Alors une cigarette électronique, comment ça marche ?

Une cigarette électronique est toujours composée de 5 produits, selon les modèles ces 5 produits seront très différents sur la forme, ils pourront être réunis ou modifiés mais il y aura toujours 5 produits pour faire fonctionner le tout avec 5 fonctions distinctes.

- Une batterie

- Une résistance

- Des mèches

- Un réservoir

- Du e liquide

Le système global est simple :

La batterie de la cigarette électronique envoi du courant qui passe à travers la résistance qui va chauffer et faire évaporer le liquide contenu dans le réservoir.

C’est l’idée générale mais comme il existe d’innombrables batteries, d’innombrables résistances et d’innombrables réservoirs, il est intéressant de savoir comment cela fonction et pourquoi cela chauffe. C’est intéressant pour bien comprendre les différences et l’intérêt de chaque produit et pour choisir le matériel qui nous convient le mieux. 

Nous avons donc quatre produits :

La batterie : C’est la batterie qui fournit le courant pour alimenter le tout. La batterie se recharge sur une prise secteur ou sur un port USB. Il y a plusieurs types de batteries de différentes autonomies, à tension constante ou tension variable. La batterie délivre du courant qui va passer à travers la résistance.

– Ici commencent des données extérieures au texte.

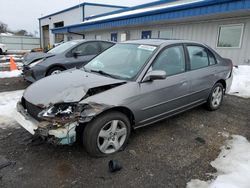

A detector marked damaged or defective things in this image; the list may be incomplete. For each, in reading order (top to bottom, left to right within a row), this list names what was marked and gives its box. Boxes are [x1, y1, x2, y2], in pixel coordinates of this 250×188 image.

crumpled hood [23, 68, 125, 107]
broken front bumper [14, 102, 78, 145]
damaged front end [14, 99, 110, 145]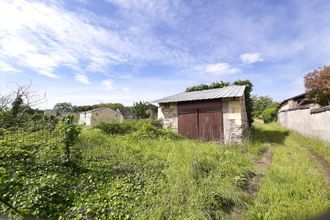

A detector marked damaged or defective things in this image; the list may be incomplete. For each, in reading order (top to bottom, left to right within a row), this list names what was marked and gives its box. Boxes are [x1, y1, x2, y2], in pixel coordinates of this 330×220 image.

rusty metal roof [154, 85, 245, 104]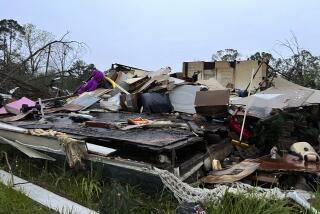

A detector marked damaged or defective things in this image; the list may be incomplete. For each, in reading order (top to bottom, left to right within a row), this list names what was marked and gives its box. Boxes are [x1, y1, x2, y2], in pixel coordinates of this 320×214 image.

damaged mobile home [0, 59, 320, 211]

La résistance : La résistance est tout simplement un filament dans lequel va passer le courant. Le fil est en général en Nichrome, en kanthal ou en inox. Au passage du courant, le fil va chauffer par effet joule. Ce fil est en contact avec le e liquide par le biais des mèches.

Les mèches : Les mèches ont uniquement pour fonction de ramener le e liquide à la résistance. Elles sont reliées d’un côté à la résistance et de l’autre au réservoir. Elles sont imbibées de e liquide et, par capillarité, le liquide remonte la mèche jusqu’à la résistance.

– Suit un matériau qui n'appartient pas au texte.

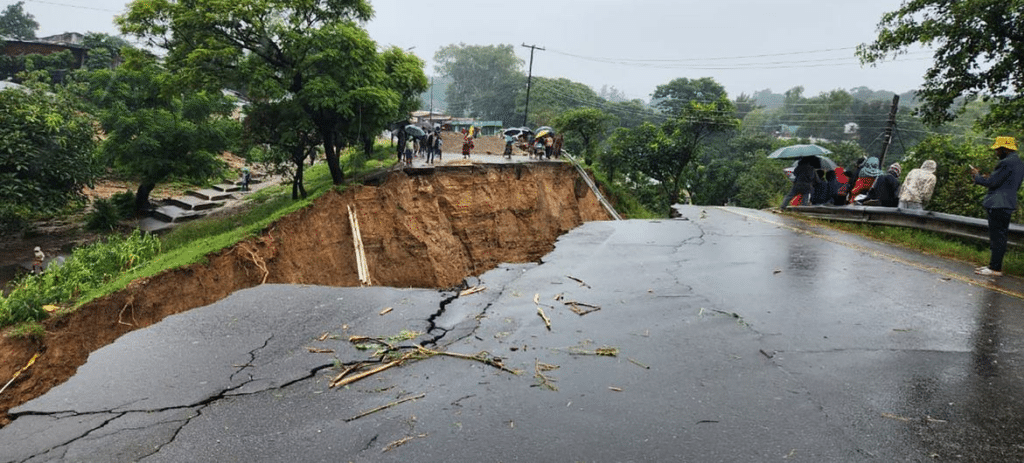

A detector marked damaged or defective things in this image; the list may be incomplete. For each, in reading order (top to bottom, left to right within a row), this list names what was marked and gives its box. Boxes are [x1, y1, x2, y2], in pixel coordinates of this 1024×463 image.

broken wooden stick [344, 394, 424, 422]
cracked asphalt [2, 207, 1024, 463]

En général, quand on parle de résistance, on associe les 2 produits mèches et résistance sous le nom atomiseur ou simplement résistance.  

Le réservoir : Le réservoir est le récipient dans lequel vous allez mettre le e liquide. Si le réservoir est seul, on parle de cartouche tank. Mais souvent le réservoir est associé à un atomiseur dans un même produit. On parle alors de cartomiseur (cartouche plus atomiseur). Si ce cartomiseur est transparent et qu’on peut voir le liquide dedans, on parle de clearomiseur.

Le e liquide : le e liquide est le produit qui va être chauffé par la résistance via les mèches. Il est contenu dans le réservoir et est en contact avec la résistance par les mèches. Le e liquide est un produit qui s’évapore à basse température. Donc en le chauffant il va faire de la vapeur que l’on aspire par la bouche. Plus d’informations sur le e liquide ici car ce serait trop long: Guide DIY

Donc la batterie fait chauffer la résistance qui fait chauffer le liquide qui produit de la vapeur, ok. Mais pourquoi la résistance chauffe-t-elle et quel est l’effet d’une plus grosse batterie ou d’une plus grosse résistance ?

Tout repose sur l’effet joule :

La batterie délivre du courant qui va circuler dans la résistance de la cigarette électronique. Au passage du courant, la résistance va chauffer par effet joule. L’effet joule est la transformation d’une partie de l’énergie électrique de la batterie en énergie thermique, en chaleur.

Lorsque du courant passe dans un matériau (un câble EDF, un filament, un fil électrique…), le matériau empêche une partie du courant de passer en fonction de sa composition. Les atomes composant le matériau freinent le passage des électrons responsables du courant, ils font office de « résistance ». Cette interaction entre les électrons et les atomes de matériau va dissiper de l’énergie sous forme de chaleur, c’est ce qu’on appelle l’effet joule.

L’effet joule est très contraignant dans de nombreux systèmes si le but n’est pas de chauffer quelque chose, mais peut servir énormément pour des radiateurs par exemple ou pour la cigarette électronique.

Dans un système électrique classique ou l’intérêt est d’alimenter un appareil électrique comme un téléphone, l’effet joule a un effet néfaste car une partie de l’énergie fournie va disparaitre sous forme de chaleur en passant à travers le fil de votre chargeur.

Par contre on peut se servir de l’effet joule pour faire chauffer un système, c’est le cas de la cigarette électronique.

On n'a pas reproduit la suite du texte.